Scanning the entries below, copy every line that contains the word "grey".

────────────────────

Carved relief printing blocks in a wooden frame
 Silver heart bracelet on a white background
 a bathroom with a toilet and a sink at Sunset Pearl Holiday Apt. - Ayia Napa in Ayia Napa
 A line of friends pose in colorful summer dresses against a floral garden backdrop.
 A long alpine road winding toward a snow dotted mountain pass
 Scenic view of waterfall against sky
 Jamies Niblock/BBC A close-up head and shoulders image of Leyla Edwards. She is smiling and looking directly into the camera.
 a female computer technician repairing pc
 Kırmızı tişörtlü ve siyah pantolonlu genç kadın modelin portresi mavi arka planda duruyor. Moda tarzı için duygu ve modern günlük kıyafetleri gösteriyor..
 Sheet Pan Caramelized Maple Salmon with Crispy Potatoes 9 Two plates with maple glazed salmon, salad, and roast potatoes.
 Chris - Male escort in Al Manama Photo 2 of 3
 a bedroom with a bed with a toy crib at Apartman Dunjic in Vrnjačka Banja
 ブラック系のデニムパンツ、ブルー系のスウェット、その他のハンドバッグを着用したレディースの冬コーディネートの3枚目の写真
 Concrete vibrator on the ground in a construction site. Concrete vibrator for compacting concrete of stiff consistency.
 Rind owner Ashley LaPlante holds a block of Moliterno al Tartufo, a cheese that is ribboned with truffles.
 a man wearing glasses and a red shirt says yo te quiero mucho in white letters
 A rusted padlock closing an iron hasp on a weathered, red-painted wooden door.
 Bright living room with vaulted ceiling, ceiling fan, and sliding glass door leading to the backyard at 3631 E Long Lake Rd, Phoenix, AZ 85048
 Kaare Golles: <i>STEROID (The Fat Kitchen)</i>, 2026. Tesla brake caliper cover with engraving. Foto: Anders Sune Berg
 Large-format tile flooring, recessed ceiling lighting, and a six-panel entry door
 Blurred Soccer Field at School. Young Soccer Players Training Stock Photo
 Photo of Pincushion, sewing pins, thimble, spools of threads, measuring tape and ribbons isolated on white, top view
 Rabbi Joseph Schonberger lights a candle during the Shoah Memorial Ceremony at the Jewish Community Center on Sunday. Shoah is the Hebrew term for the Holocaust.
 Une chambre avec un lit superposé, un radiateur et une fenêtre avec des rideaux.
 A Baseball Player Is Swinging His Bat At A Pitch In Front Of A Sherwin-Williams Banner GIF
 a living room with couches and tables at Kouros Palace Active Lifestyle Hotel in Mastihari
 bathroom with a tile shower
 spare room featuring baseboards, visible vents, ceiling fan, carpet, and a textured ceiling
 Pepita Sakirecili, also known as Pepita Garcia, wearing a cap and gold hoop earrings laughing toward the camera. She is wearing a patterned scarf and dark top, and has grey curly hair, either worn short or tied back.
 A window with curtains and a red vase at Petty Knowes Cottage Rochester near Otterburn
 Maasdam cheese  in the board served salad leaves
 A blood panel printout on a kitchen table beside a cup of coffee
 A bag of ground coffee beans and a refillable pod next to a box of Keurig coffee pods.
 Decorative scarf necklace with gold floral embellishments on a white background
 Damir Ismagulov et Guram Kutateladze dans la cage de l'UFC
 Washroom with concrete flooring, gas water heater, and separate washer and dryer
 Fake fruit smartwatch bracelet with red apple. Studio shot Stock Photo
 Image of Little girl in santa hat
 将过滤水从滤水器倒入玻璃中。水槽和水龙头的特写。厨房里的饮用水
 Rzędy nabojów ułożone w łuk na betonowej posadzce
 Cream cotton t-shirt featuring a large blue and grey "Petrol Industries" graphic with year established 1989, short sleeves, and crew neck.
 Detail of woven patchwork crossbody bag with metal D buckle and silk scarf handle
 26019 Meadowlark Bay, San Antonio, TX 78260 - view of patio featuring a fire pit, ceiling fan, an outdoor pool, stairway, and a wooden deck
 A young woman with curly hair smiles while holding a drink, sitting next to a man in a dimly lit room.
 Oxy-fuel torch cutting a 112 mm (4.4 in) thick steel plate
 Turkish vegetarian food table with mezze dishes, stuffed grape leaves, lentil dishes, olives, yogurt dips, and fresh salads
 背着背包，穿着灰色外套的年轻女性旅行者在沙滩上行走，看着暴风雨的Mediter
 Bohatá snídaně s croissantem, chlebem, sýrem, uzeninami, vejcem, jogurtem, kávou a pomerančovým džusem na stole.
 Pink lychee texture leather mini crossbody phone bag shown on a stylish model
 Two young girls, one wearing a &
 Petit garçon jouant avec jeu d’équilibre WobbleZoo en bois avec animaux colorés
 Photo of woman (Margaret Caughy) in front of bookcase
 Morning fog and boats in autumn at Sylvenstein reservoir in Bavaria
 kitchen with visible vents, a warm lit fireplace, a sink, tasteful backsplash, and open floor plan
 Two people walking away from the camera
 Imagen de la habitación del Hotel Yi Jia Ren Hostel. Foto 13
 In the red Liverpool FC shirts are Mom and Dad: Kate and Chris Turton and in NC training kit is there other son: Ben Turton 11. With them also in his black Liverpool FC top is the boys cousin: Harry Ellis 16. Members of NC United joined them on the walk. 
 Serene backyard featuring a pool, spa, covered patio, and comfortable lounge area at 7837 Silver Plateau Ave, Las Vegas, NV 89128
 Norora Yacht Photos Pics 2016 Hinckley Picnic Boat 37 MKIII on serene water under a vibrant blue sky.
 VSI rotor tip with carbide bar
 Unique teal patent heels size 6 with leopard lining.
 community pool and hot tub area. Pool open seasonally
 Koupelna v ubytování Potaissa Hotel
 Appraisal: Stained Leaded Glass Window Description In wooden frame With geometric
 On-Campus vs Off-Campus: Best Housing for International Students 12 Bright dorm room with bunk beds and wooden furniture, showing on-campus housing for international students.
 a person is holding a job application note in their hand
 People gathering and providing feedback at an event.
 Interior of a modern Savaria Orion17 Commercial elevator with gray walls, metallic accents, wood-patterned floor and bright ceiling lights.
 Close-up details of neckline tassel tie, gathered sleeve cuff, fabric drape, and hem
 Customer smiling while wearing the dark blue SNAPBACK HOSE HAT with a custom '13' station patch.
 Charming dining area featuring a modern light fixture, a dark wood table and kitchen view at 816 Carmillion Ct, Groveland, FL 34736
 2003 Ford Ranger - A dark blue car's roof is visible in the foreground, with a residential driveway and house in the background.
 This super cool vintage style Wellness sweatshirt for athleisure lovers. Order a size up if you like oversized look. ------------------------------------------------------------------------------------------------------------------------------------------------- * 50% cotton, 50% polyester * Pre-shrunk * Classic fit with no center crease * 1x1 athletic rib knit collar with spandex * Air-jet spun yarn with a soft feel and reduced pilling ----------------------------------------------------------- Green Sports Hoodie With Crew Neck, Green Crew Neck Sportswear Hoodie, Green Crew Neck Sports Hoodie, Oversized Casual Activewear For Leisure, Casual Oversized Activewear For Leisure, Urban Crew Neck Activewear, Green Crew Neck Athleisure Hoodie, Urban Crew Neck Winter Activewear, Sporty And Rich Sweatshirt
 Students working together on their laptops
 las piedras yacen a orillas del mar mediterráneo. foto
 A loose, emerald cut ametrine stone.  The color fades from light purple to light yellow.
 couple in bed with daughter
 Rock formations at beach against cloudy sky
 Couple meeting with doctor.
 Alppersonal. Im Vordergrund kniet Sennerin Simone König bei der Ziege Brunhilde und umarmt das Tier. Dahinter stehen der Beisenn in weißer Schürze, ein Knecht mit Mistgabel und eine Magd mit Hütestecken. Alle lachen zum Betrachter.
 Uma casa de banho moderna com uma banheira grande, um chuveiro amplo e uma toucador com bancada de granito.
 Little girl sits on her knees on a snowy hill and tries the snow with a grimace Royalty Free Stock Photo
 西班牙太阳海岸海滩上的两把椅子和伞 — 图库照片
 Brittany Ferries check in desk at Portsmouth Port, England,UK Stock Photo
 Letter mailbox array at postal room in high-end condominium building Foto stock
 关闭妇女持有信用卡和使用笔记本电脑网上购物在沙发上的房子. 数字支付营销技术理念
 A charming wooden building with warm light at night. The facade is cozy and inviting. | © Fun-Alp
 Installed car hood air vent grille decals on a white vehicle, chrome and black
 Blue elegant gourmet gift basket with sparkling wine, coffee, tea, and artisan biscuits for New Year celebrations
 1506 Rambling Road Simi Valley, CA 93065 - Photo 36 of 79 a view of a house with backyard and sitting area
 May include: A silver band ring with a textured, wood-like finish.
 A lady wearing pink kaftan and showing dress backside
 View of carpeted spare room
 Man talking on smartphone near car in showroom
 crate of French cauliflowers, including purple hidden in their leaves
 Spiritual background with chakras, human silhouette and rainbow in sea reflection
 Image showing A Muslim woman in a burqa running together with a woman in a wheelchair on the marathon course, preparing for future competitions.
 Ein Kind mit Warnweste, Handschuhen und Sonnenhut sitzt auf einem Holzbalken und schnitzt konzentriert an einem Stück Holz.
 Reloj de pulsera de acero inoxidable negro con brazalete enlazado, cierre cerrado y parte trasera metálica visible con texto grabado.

────────────────────

Exercise response >>
 Pepita Sakirecili, also known as Pepita Garcia, wearing a cap and gold hoop earrings laughing toward the camera. She is wearing a patterned scarf and dark top, and has grey curly hair, either worn short or tied back.
 Cream cotton t-shirt featuring a large blue and grey "Petrol Industries" graphic with year established 1989, short sleeves, and crew neck.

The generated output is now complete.